Initial Fluid Management
INTRODUCTION
Background
Maintenance of normal fluid and electrolyte balance for the first few days of life in neonatal intensive care unit (NICU) patients, specifically those who cannot feed orally, is an important part of their management. Indeed, it is a significant and challenging part of NICU admission orders. Neonates initially should be in good fluid and electrolyte balance immediately after birth. Exceptions can and do occur rarely but need to be recognized in a timely fashion. At birth, babies have excess total body water that they need to diurese. Despite this, they generally have normal serum electrolytes, which means that they also have increased total body sodium. Thus, initial salt and water requirements are nil. However, sick neonates in an NICU usually need intravenous access, and some fluid may be needed to keep this patent stable. Furthermore, they often need glucose, calcium, protein, and so on, and if not feeding, intravenous fluids may be needed to provide these items. Thus, the goals of initial fluid management are as follows:
1. Prevent excessive weight loss and dehydration, which can result in hypotension, cell damage, hyperkalemia, and intraventricular hemorrhage (IVH).
2. Allow appropriate diuresis while avoiding salt and water overload, which may be associated with
pulmonary edema,
prolonged ductal patency, and
an increased risk of chronic lung disease.
3. Keep indwelling catheters patent.
4. Provide adequate calcium, glucose, and amino acid (AA) delivery.
5. Initiate enteral nutrition as soon as possible, preferably with maternal milk.
Maternal History
Occasionally, the maternal history can be an indicator of abnormal fluid and electrolyte status in the fetus and neonate. Some examples of maternal indicators of possible abnormal fluid and electrolyte balance include
1. Renal diseases with abnormal electrolytes;
2. Diuretic therapy;
3. Endocrine disorders (eg, diabetes, hypoparathyroidism); or
4. Malnutrition or very abnormal diet.
Fetal Findings
Rarely, there will be fetal evidence of increased risk for hyponatremia in the newborn. Findings on fetal ultrasonography suggestive of renal disease, such as
1. Oligohydramnios;
2. Renal cystic dysplasia;
3. Marked hydronephrosis/hydroureter; or
4. Inability to visualize a fetal bladder, and so on.
Neonatal Examination
Although there are usually no specific physical examination findings diagnostic of fluid and electrolyte imbalances, there can be findings suggestive of abnormal status:
1. Edema/anasarca;
2. Ascites, abdominal/flank masses;
3. Very immature skin (translucent red and shiny) in extremely low gestational age neonate (ELGAN);
4. Skin disorders with open bullæ, cracked skin, and the like; or
5. Open spinal or abdominal wall defect.
Laboratory
In general, the newborn infant, even the very premature patient, does not need serum electrolytes measured immediately after birth. Initially, a neonate’s electrolytes and serum urea nitrogen (BUN)/creatinine should reflect the mother’s status. Patients with a history or physical findings such as those mentioned may need to have electrolyte panels checked. Note that in the face of normal placental and maternal renal function, a totally anephric neonate will have a normal (ie, maternal) creatinine level at birth.
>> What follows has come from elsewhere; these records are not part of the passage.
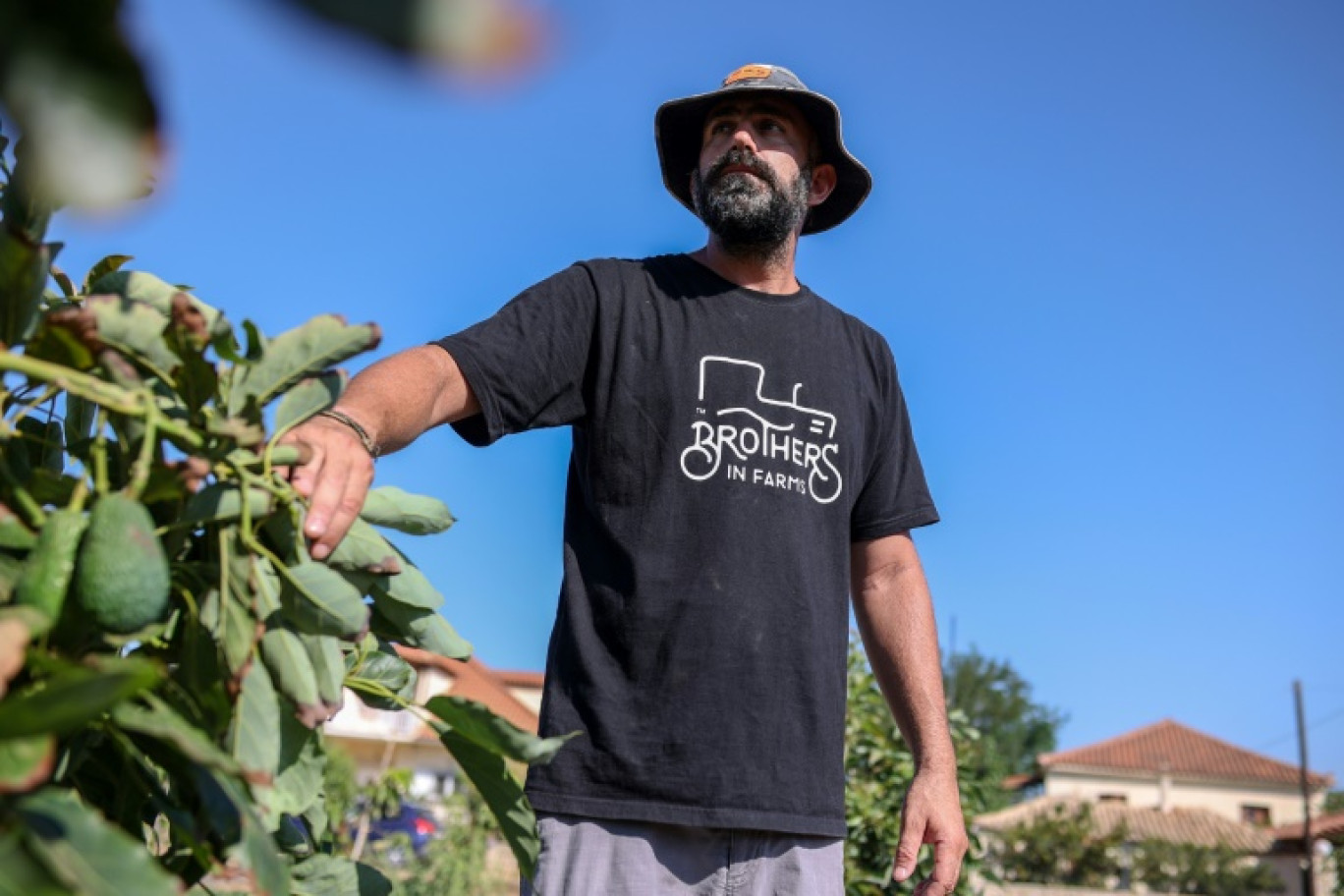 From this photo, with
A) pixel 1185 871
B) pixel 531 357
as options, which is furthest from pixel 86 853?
pixel 1185 871

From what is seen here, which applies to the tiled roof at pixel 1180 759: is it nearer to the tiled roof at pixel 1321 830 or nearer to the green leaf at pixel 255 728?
the tiled roof at pixel 1321 830

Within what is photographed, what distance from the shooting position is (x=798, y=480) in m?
2.63

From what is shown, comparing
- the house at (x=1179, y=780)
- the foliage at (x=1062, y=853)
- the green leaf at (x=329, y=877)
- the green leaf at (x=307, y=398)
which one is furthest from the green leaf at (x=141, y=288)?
the house at (x=1179, y=780)

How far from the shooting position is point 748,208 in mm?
2885

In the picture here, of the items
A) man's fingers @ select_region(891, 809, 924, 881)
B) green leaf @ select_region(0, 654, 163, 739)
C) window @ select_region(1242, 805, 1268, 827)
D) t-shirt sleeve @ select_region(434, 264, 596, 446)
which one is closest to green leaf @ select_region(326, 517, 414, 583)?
green leaf @ select_region(0, 654, 163, 739)

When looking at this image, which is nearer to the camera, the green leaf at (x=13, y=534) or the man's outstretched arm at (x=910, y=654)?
the green leaf at (x=13, y=534)

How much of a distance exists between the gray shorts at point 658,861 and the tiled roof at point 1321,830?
1629 inches

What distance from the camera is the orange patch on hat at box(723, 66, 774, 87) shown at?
3047mm

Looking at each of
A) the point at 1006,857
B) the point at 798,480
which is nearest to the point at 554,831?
the point at 798,480

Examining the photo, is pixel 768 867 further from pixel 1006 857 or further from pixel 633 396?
pixel 1006 857

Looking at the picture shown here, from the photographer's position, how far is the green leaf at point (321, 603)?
3.60ft

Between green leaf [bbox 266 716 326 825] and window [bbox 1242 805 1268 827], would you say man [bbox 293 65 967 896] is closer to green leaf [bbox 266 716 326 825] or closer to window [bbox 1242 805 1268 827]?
green leaf [bbox 266 716 326 825]

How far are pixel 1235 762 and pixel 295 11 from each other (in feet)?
197

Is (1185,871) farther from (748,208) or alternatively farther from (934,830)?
(748,208) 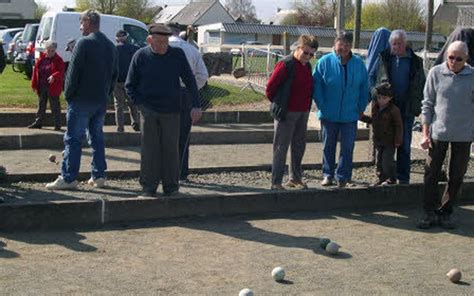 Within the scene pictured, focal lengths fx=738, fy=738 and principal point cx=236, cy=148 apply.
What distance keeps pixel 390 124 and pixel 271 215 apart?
1.82m

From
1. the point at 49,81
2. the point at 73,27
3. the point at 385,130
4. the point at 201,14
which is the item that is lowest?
the point at 385,130

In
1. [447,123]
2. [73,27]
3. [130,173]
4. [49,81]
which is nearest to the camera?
[447,123]

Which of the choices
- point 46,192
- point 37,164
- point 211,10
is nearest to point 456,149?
point 46,192

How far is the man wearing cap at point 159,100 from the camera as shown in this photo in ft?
24.2

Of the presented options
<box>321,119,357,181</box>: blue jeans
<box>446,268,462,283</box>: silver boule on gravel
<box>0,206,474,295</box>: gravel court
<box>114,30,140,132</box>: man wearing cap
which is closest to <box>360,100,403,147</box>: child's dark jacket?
<box>321,119,357,181</box>: blue jeans

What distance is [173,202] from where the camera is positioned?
24.3ft

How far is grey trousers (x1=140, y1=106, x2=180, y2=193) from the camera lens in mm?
7457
Differential Diagnosis/Diagnostic Algorithm: This is the same as previously mentioned. Abnormal initial electrolytes, if such values are obtained, usually indicate significant maternal disease, maternal medications, or placental dysfunction.
Exclusions/Contraindications: The major exclusions or contraindication to standard fluid and electrolyte management in the newborn would be underlying significant renal dysfunction and the abnormal findings listed previously.